Things that stand out in the days just after 9/11:   When you turned on the radio--to any channel--it was all news.  Even top 40 stations.  All TV stations were news, even the kids stations had a news crawl.  There were no airplanes in the sky, not even cargo flights, although it was not uncommon to see a fighter jet.  There were American flags EVERYWHERE.

So how do you protect an impressionable child from all the sadness?  We avoided the TV, although Rob and I found one station at the Georgian Terrace that was blissfully news free--an ARTS station played performing arts music videos 24 hours a day, which we watched all curled up in our king sized bed.  Charlotte in a stroke of good fortune, willingly gave up Dora to watch scenes from operas, movements of symphonies and ballets.  We'd cuddled Charlotte until she'd go to sleep, and then whisper about what the hell we were going to do.  As it was, Broadway (Rob's job) was closed for an undetermined amount of time, and he didn't know how he was getting back to New York, because his wife, the writer of this blog, forbade him to get on an airplane. Not that he was really interested, anyway.

Also, people were avoiding large crowds.  It felt too dangerous, especially because people were coming forward and taking credit for the attacks, promising more to come.  At the time, no one knew if it was over or just beginning.  On Wednesday, September 12th, we had a matinee of Phantom, which I was CERTAIN they'd cancel.  Everything was canceled.  Sports events, shows, concerts...the world had come to a screeching halt.  Leigh and his stage management team made calls to tell us, we had a show at 2pm, and another one at 8.  You know that phrase, The Show Must Go On?  Well, it did, although I'm going to tell you, between the bomb scare and being one of the first large groups to meet in the country, we were a very skittish crowd.  I'd say it was the most scared I'd ever been to do a show, but I think it is tied with the night after the Northridge earthquake when we did a performance of Les Miserables in Pasadena.  There were still aftershocks going on, Los Angeles had a dusk to dawn curfew, we had to walk past dumpsters full of debris that had fallen in the theater during the earthquake--but we performed.  I still have a clipping from USA Today with an article about how Cameron Mackintosh's LES MIZ was to be the first public performance in the LA area after the earthquake.  Are you seeing a trend here?  POP QUIZ!  The producer of The Phantom of the Opera is?  Yup.  Cameron Mackintosh.

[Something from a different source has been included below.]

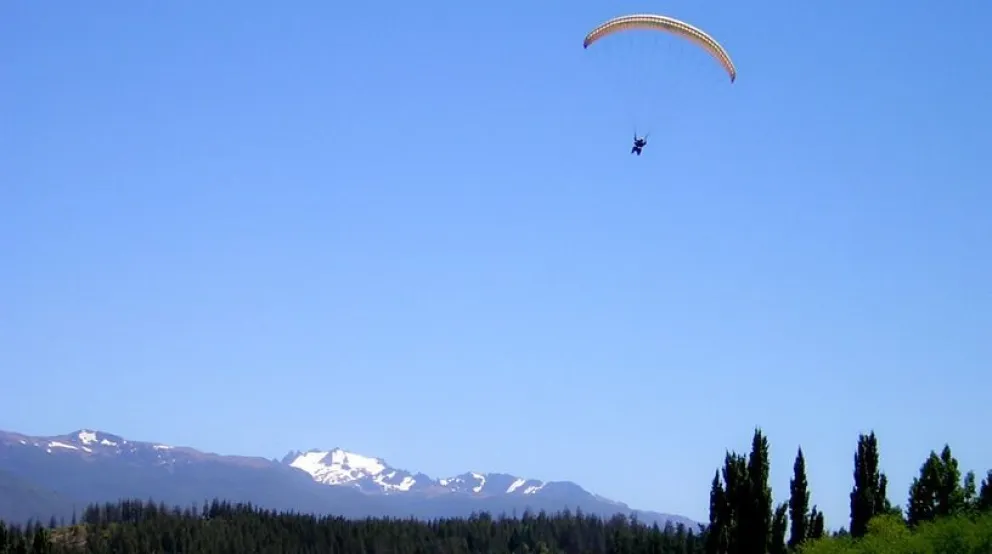 Una barilochense se accidentó haciendo parapente en el El Bolsón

So I'm back at work on Wednesday, and we get word that Broadway is raising the curtain on Thursday.  Rob had to get back to work--it was his job, but also we were racking up a sizable bill at the shwanky hotel that was supposed to be a few nights, but now was stretching to a week and a day.  Someone in the cast had a girlfriend or wife who also needed to get back to NYC quickly, and we hatched a plan for Rob to share a rental car with her.  By the way, I just asked Rob who it was, and he has no recollection of this at

all--he thought he drove alone (he didn't) although he said he does remember the exact route they drove (of course he does).  Sixteen hours in a car with someone.  How can you forget that?  I digress.  Rental cars, by the way, were another funny thing after 9/11.  You could rent a car one way for a cheap rate, because all the rental car companies were pitching in to help out.  That was the great thing about 9/11, we all became buddies and allies the second those towers came down.  Nothing petty mattered.

Rob and the mystery rider left early on Friday and got back to New York very late.  Rob said he could see the towers burning on the ride in from New Jersey, and could smell it as soon as he got to Manhattan, even from our apartment on 56th street--about 4 miles north.  I'll never forget the phone call I got from him.  He said, "It's terrible here.  Don't bring Charlotte back."

So I'm in Atlanta with Charlotte with no way to get anywhere, and no where to go because my parents are stuck in Africa, and their house in Cincinnati had burned down.  I had Charlotte registered for her first day in pre-school in New York and she would be a no-show.  Time to do some quick thinking.